Japanese spoken language and sign language are very different in structure. The aim is to teach the students to break away from their source language and so they can learn how to interpret into their target language. They are first taught how to converse in Japanese Sign Language, before they are taught how to interpret in the second year.
For the students to understand the different structure of the language we have taken a comic from the English training programme. This comic will assist in learning how to construct language. We show this story told by a native speaker of Japanese and by a Japanese signer.
There are several differences. Differences at the discourse level:
- such as the incorporation of the time aspect
- action chain + referential shift
I ask them first to write down sign by sign and then they see that this is a very different structure from Japanese Sign Language. We then continue to really see the text as a whole and try to put the structure into correct spoken Japanese.

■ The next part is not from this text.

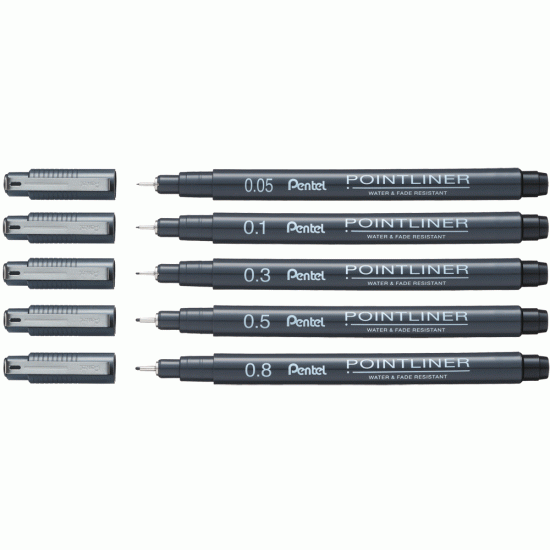 Flomāstertipa pildspalva PENTEL POINTLINER, 0,1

Only when they see this structure and realise the difference, they then know how to interpret better.
There are six main characteristics that are different between the two languages, I will discuss four of them here:
- Presenting two opposites
- Explaining the situation
- Action chain
- Explaining the state
Now when teaching interpreting from Japanese to JSL, we first start at the sentence level and not at the discourse level. The presenters give several examples of the sentence structures. After the sentence level training, we train the discourse level. For example, we give the students a newspaper article. They must read this, put the article away and then sign the article in JSL.
In Japan discourse level training is not yet fully in place. But from the students we learn what their problems are in understanding the structure of JSL.